- Directions:
What lines in the records include the string "Inch"? Return each one.

- Dataset items:
== Segment start ==
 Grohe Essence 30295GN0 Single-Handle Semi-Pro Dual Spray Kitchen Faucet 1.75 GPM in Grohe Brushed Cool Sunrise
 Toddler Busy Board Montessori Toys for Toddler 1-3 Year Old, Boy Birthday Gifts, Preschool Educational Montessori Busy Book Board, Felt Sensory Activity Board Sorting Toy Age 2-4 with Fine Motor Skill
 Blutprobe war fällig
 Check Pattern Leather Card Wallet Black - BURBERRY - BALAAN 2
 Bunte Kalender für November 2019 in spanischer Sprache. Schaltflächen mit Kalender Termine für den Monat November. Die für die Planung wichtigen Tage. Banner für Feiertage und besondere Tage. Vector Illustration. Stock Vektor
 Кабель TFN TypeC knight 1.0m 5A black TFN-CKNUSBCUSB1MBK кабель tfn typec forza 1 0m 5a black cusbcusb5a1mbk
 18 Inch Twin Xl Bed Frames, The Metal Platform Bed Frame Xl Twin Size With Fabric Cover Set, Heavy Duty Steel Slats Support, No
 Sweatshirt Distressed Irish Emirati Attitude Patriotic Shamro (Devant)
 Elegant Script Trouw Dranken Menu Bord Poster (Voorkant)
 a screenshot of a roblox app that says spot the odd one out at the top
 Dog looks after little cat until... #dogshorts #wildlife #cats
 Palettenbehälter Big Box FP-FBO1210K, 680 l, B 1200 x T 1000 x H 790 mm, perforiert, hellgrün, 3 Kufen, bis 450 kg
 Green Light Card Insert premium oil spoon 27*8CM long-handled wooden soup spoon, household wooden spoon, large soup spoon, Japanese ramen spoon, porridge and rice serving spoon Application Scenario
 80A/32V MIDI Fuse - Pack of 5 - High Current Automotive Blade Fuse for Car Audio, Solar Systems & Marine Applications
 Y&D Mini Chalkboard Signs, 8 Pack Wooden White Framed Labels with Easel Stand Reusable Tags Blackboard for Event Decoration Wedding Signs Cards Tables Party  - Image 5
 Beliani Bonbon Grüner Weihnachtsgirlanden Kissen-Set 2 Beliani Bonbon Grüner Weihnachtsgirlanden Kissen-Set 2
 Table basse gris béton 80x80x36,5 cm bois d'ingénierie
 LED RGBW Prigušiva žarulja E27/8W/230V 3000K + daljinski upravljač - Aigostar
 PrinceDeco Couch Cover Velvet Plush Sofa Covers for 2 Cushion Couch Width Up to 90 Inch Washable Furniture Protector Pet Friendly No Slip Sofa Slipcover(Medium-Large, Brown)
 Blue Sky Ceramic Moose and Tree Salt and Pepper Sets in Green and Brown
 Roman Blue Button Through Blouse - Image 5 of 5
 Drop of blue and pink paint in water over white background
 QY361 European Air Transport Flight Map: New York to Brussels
== Segment end ==
- Task answer:
 18 Inch Twin Xl Bed Frames, The Metal Platform Bed Frame Xl Twin Size With Fabric Cover Set, Heavy Duty Steel Slats Support, No
 PrinceDeco Couch Cover Velvet Plush Sofa Covers for 2 Cushion Couch Width Up to 90 Inch Washable Furniture Protector Pet Friendly No Slip Sofa Slipcover(Medium-Large, Brown)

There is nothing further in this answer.